Unless you've been hiding under a rock, you know by now that Tim Thomas (as of this moment) has plans to take the 2012-13 season off. Consensus appears to be that this isn't a great thing for the Bruins. As Thomas has an over-35 contract, they are liable for his cap hit, no matter what. Are the Bruins screwed? Well, not quite. They have some options:
1. Suspend Thomas, run the contract this year. They don’t pay him a dime, the cap hit comes off at the end of the season and it doesn’t affect the coming Milan Lucic/Tyler Seguin/Brad Marchand negotiations.
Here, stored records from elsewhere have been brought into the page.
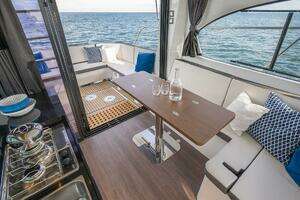 2026 Beneteau Antares 11 thumbnail 6
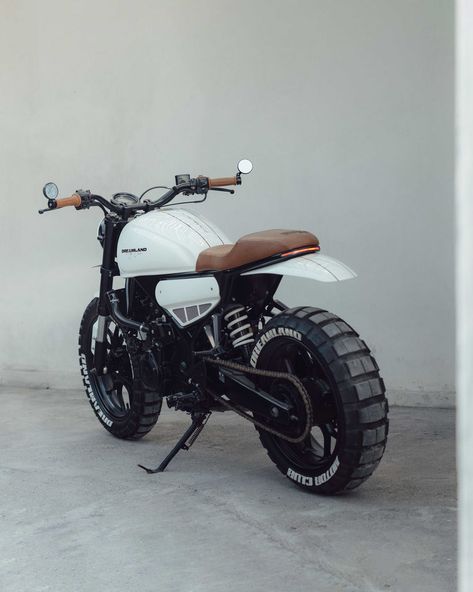 Mini Bikes Custom, Scrambler Moto, Adventure Bike Motorcycles, Custom Bikes Cafe Racers, Brat Bike, Cafe Racer Helmet, Honda Scrambler, Cafe Racer Moto, Moto Scrambler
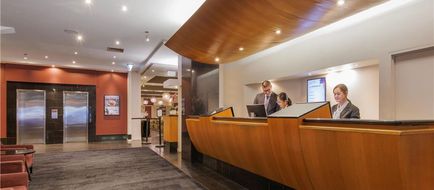 Hotel Grand Chancellor Lobby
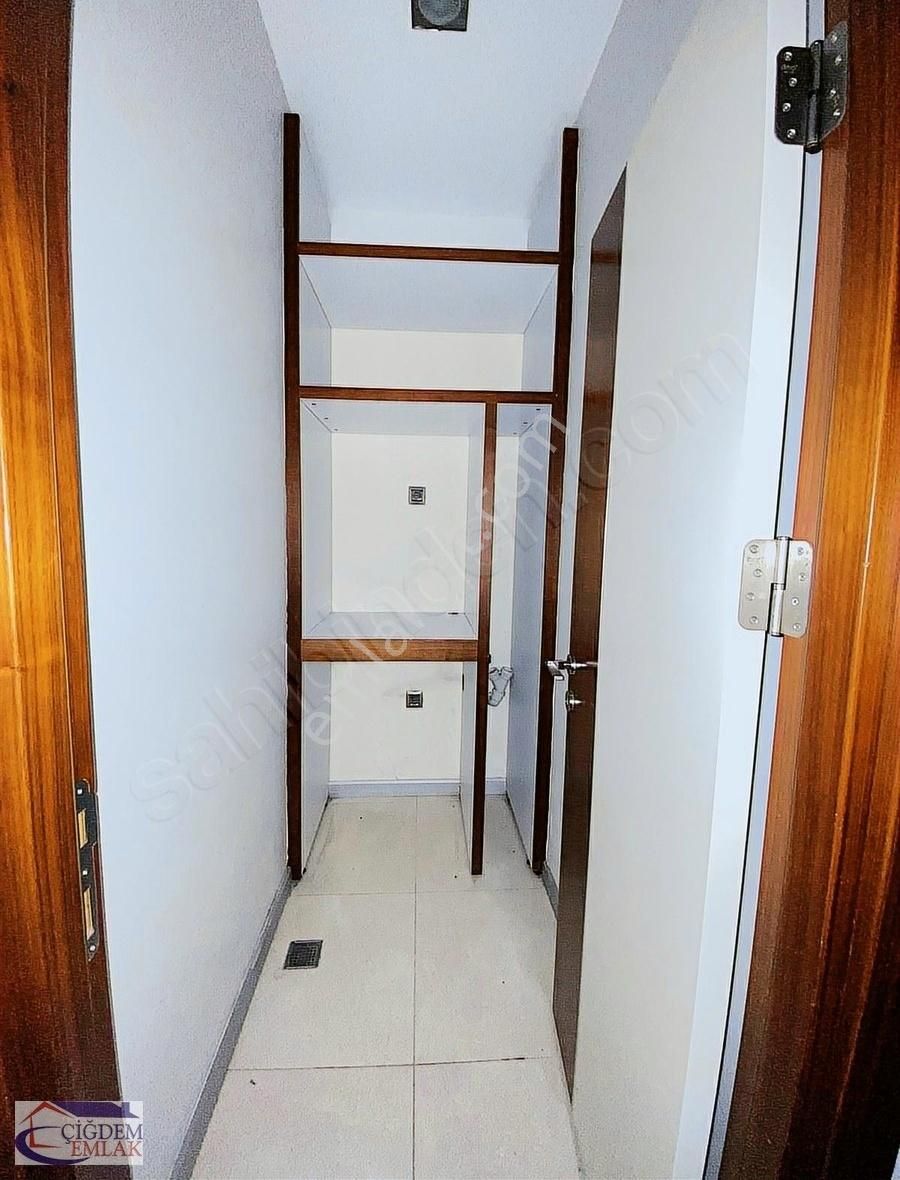 Zeytinburnu Sümer Kiralık Daire The İst. Konutlar'da Çiğdem Emlaktan Kiralık 4+1 Daire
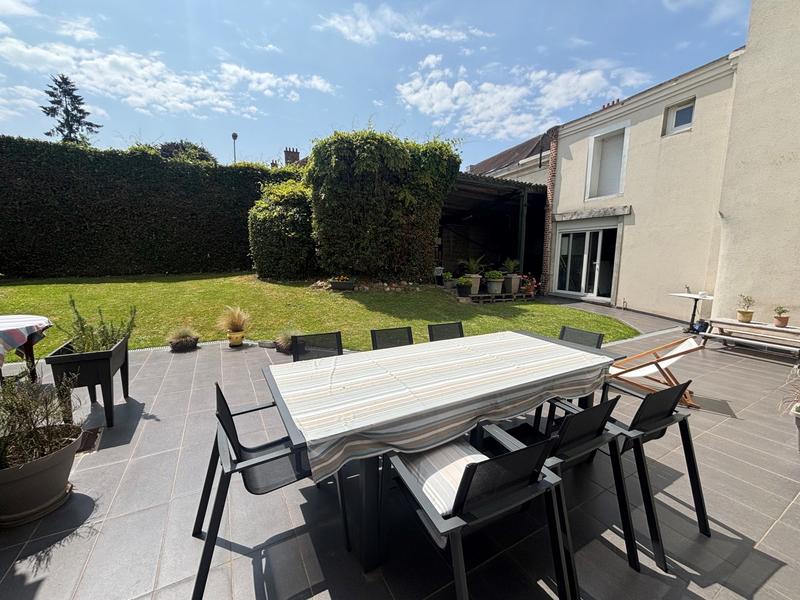 Maison - 219 m² - 9 pièces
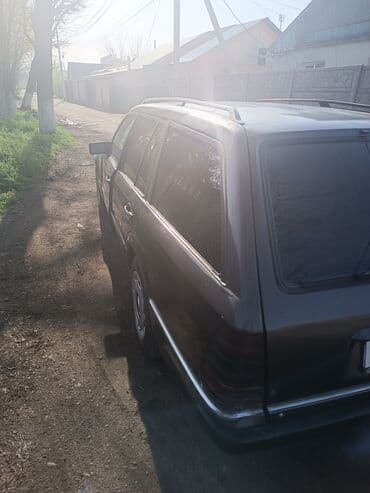 или меняю с доплатой мне: Mercedes-Benz E-Class: 1994 г., 2.2 л, Автомат, Бензин, Универсал — 8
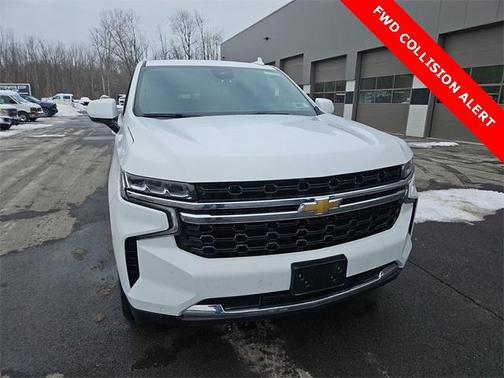 2023 Chevrolet Suburban LS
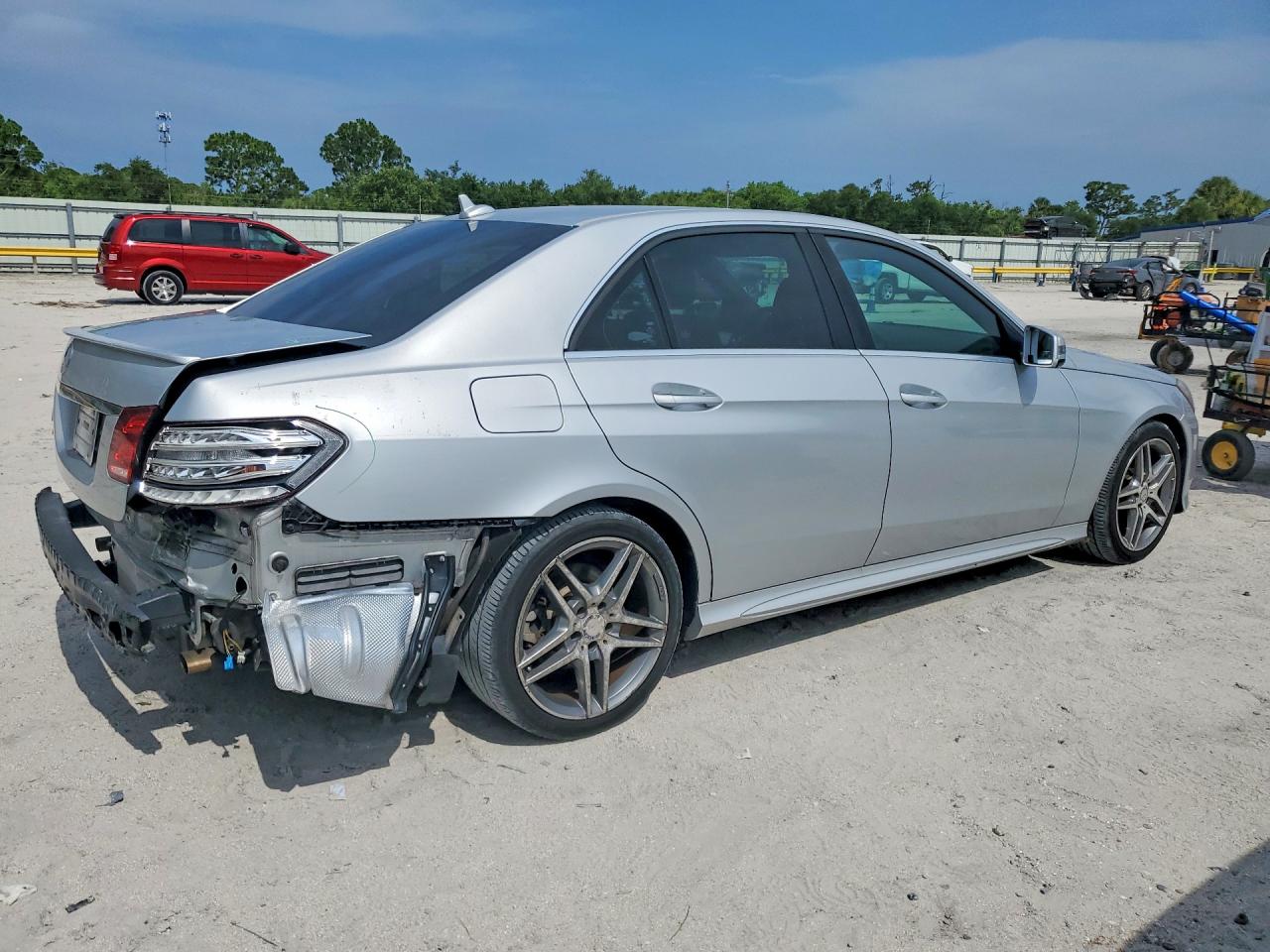 2014 Mercedes-benz E 350 Серебряный vin: WDDHF5KBXEB012879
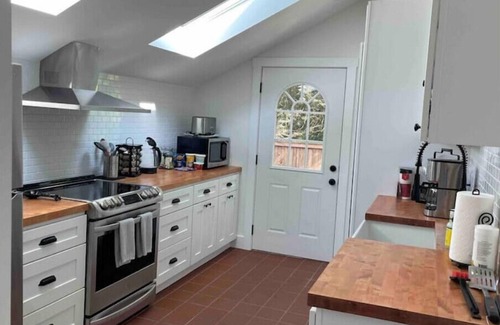 South Salem House | Newly renovated guesthouse with a pation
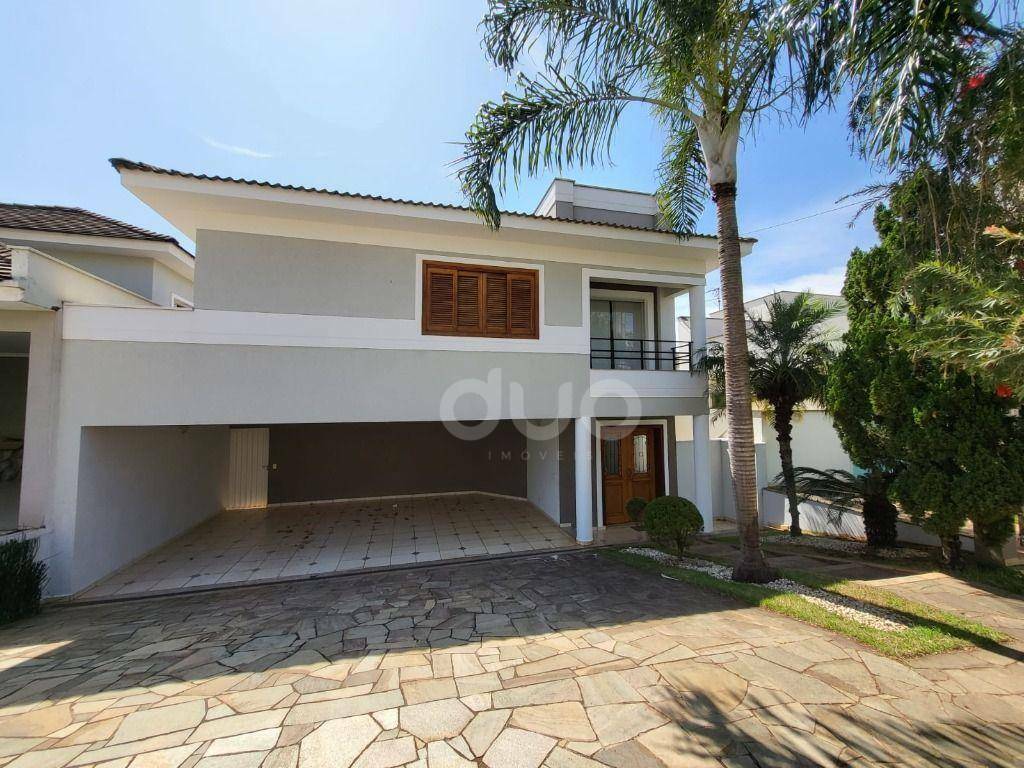 Casa de Condomínio para alugar com 4 quartos, 258m² - Foto 2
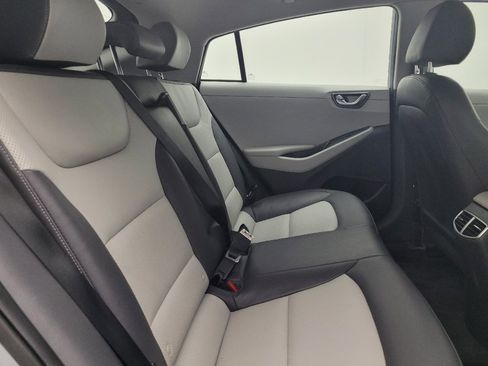 Used 2020 Hyundai Ioniq Limited FWD image 19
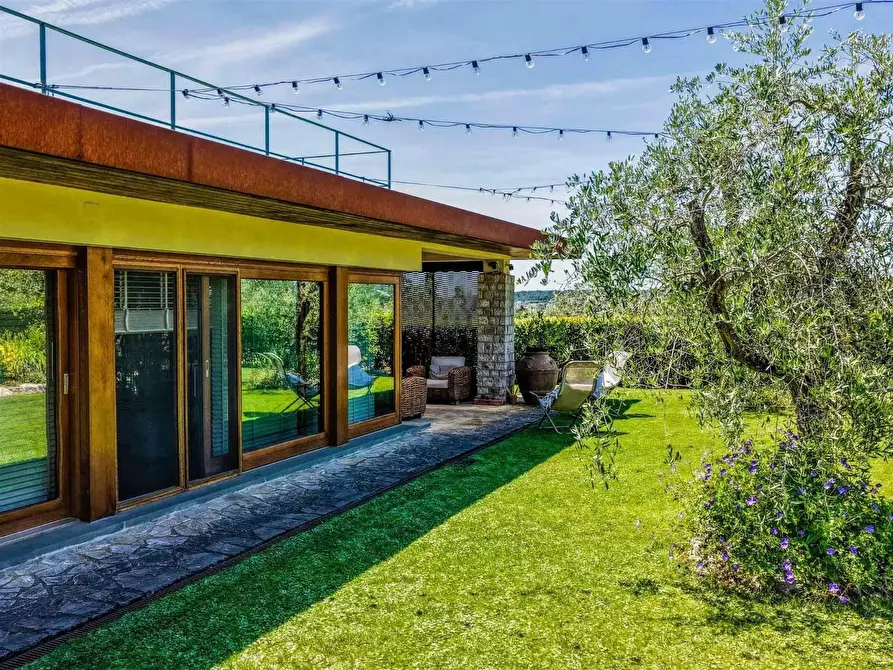 Immagine 18 di Casa indipendente in vendita  a Gaiole In Chianti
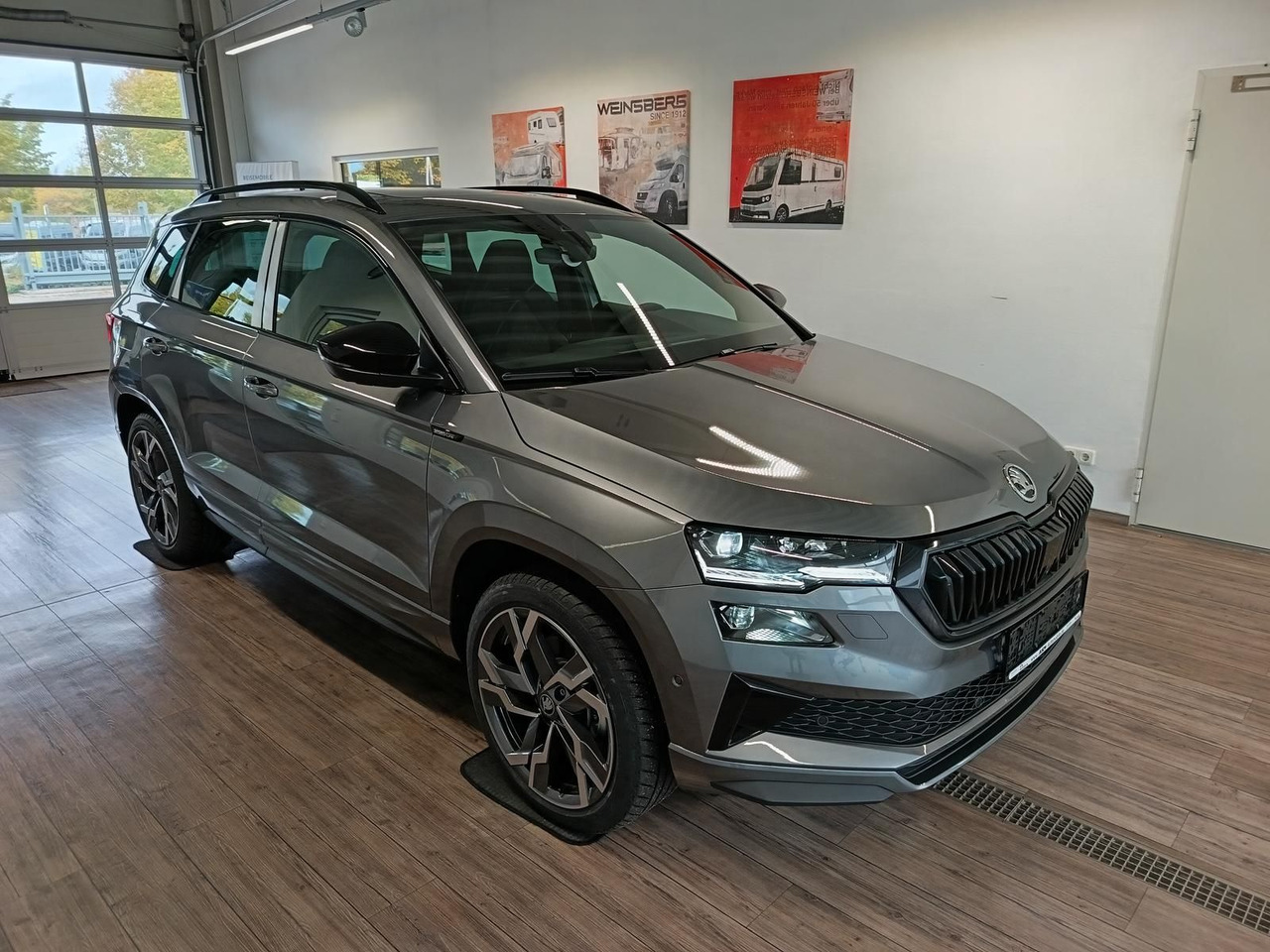 Skoda Karoq Sportline 2,0 TDI 4x4*AHK*PSD*STD.HZG*DCC* - SUV: slika 3 Skoda Karoq Sportline 2,0 TDI 4x4*AHK*PSD*STD.HZG*DCC* - SUV: slika 3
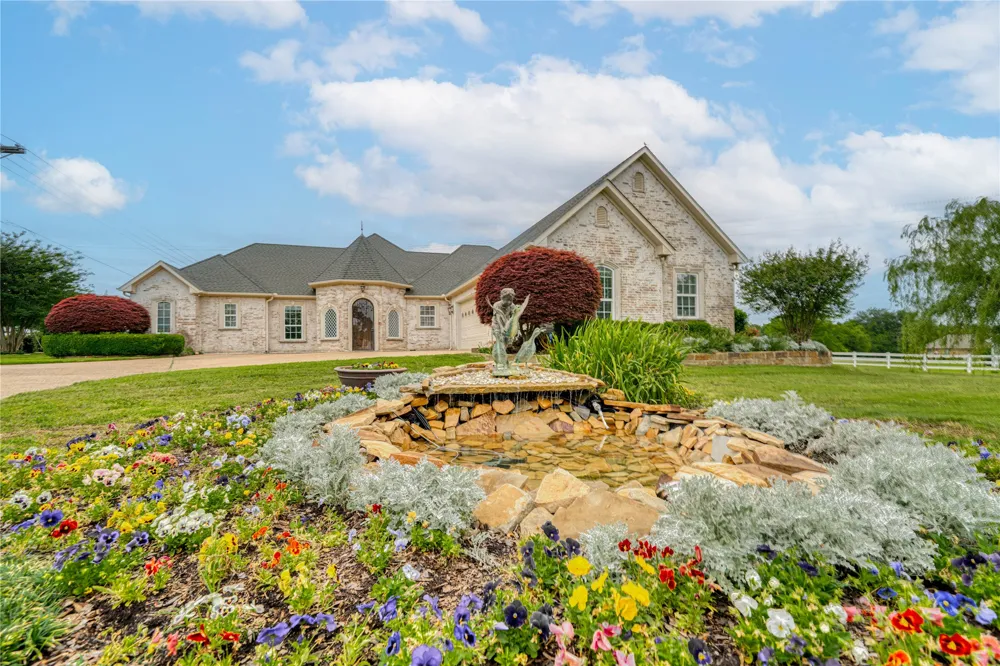 15 W Elmwood Corner Mount Vernon, TX 75457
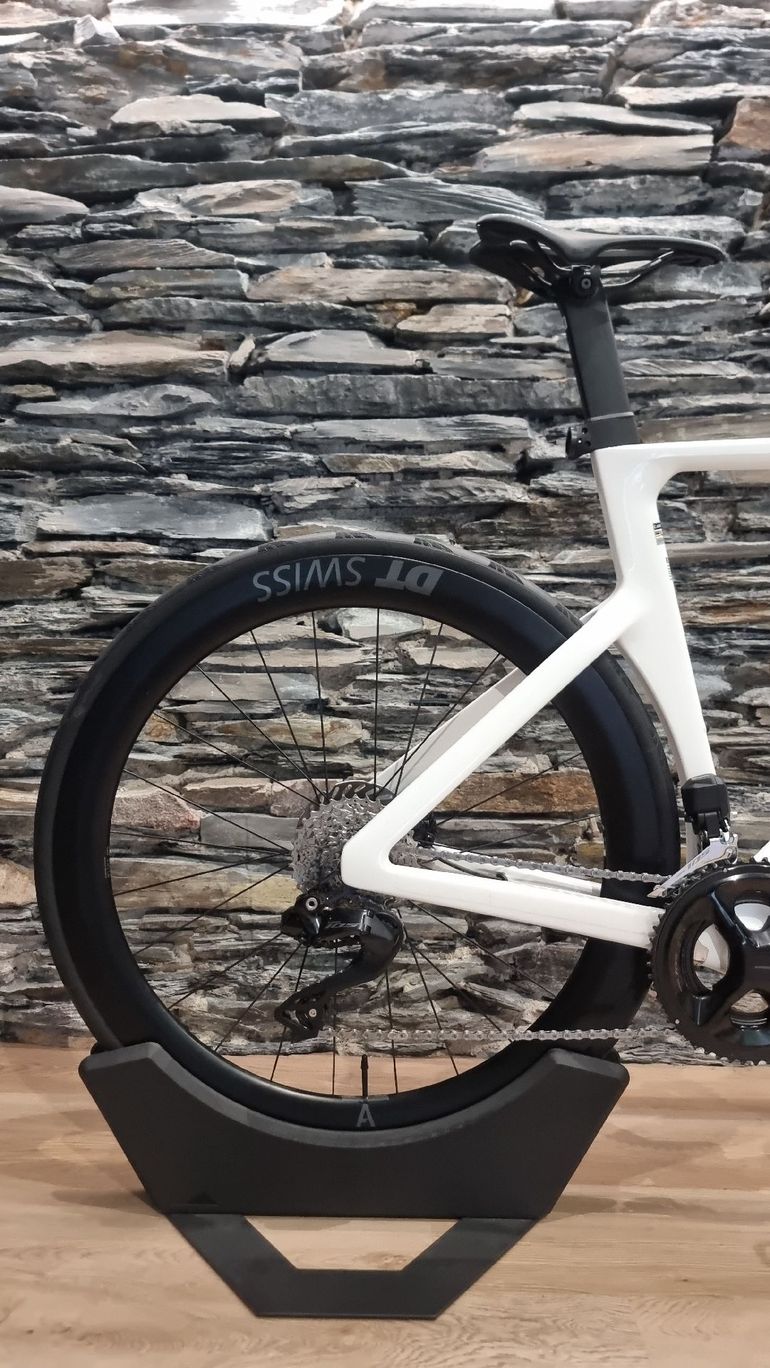 Used Canyon Aeroad CF SLX 7 Di2 2026 2026 Road & Gravel, White — image 9 of 20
Thomas becomes a free agent in 2013-14, and the Bruins get a clean break. The downside is that they’re rewarding him for his behavior, as this is almost certainly the outcome he’s aiming for.
2. Buy him out. Actually, forget what I just said. THIS is the outcome Thomas would surely be hoping for. Thomas gets a check for $2 million and gets his freedom. Because this is an over-35 deal, however, the Bruins still take the $5 million cap hit up front. This is about as likely as Thomas being invited to speak at the Democratic National Convention this summer, so let's not waste further time on it.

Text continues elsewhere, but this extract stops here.